Commonwealth v. Stoner

344 A.2d 633, 236 Pa. Super. 161, 1975 Pa. Super. LEXIS 1690
CourtSuperior Court of Pennsylvania
DecidedSeptember 22, 1975
DocketAppeals, Nos. 491 and 492
StatusPublished
Cited by68 cases

This text of 344 A.2d 633 (Commonwealth v. Stoner) is published on Counsel Stack Legal Research, covering Superior Court of Pennsylvania primary law. Counsel Stack provides free access to over 12 million legal documents including statutes, case law, regulations, and constitutions.

Bluebook
Commonwealth v. Stoner, 344 A.2d 633, 236 Pa. Super. 161, 1975 Pa. Super. LEXIS 1690 (Pa. Ct. App. 1975).

Opinion

Opinion by

Price, J.,

Appellants and two co-defendants were charged with possession of a controlled substance (marijuana)1 and possession with intent to deliver a controlled substance (marijuana).2 Following the denial of a motion to suppress evidence, appellants were tried and found guilty by a jury.

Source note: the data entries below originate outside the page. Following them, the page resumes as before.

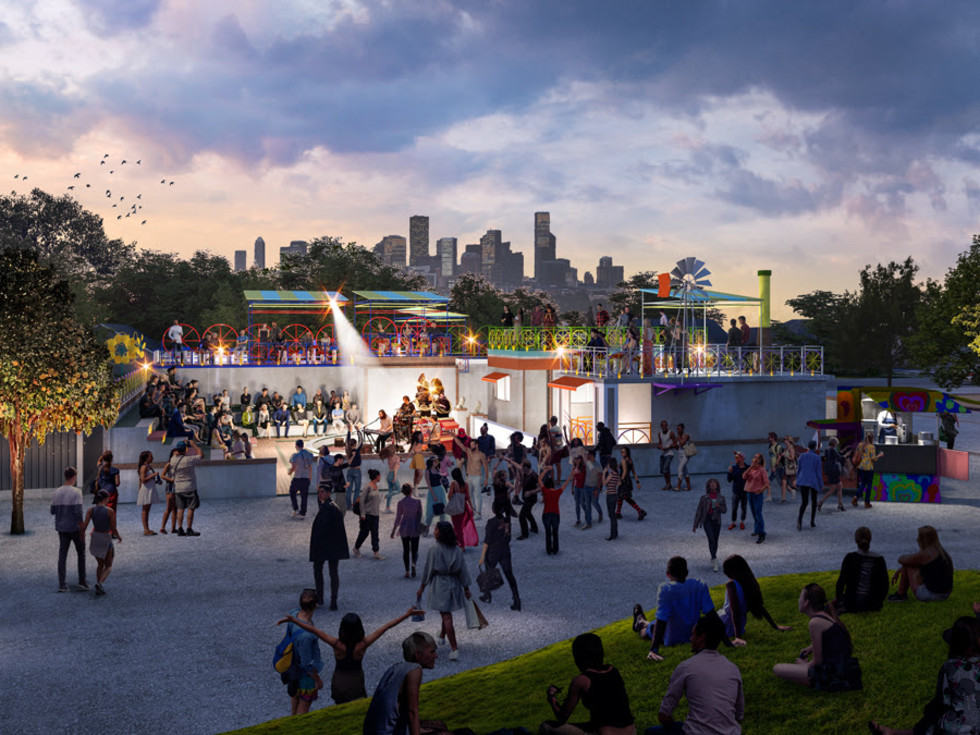 Orange Show headquarters expansion Orange Show Monument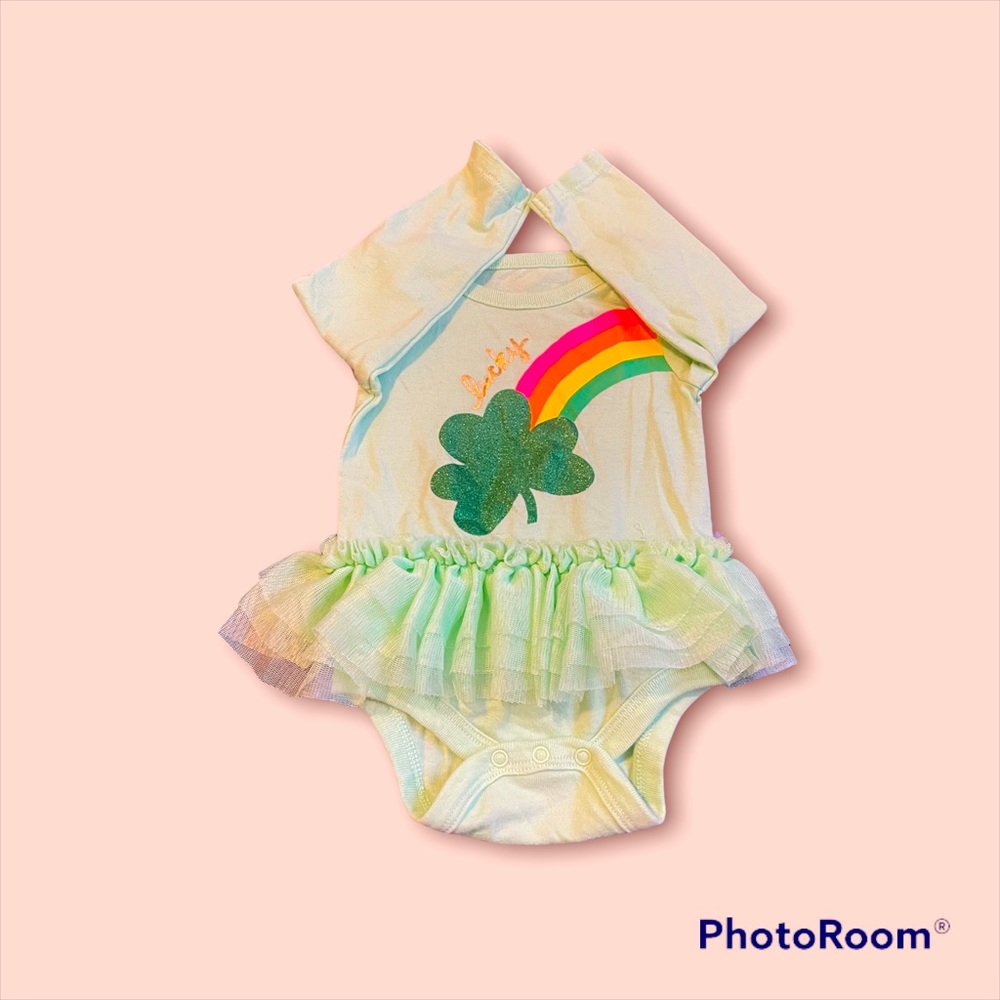St. Patrick’s Day newborn shirt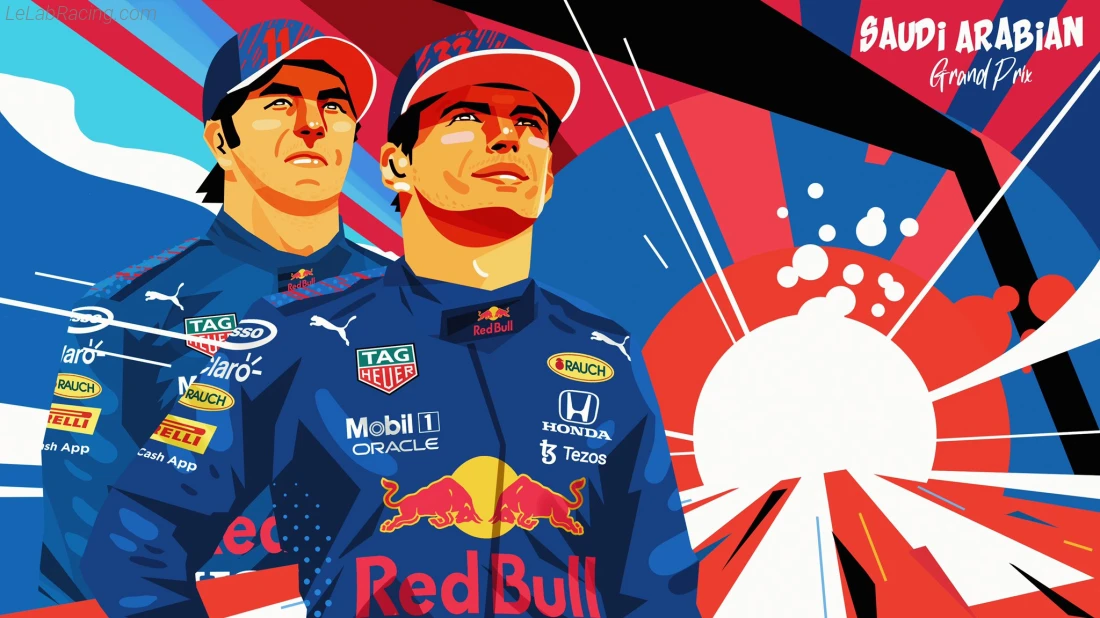 Poster équipe Grand Prix automobile d'Arabie saoudite 2021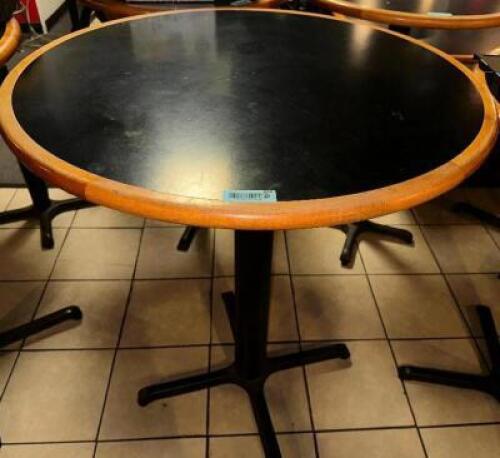 36" ROUND TABLE TOP W/ PUB BASE.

Each was sentenced to pay a fine of $1,000 and to undergo imprisonment for 6 months to 1 year.

The facts indicate that on October 3, 1972, Trooper Larry Williams of the Pennsylvania State Police stopped a car driven by appellant-Stoner for a traffic violation on [163]*163the turnpike. Appellant-Smith and two other co-defendants were passengers in the car at that time. Upon request, appellant-Stoner produced his operator’s license, but when one of the passengers opened the glove compartment to take out the vehicle registration card, a .38 caliber semi-automatic pistol dropped out as the passenger reached into the compartment.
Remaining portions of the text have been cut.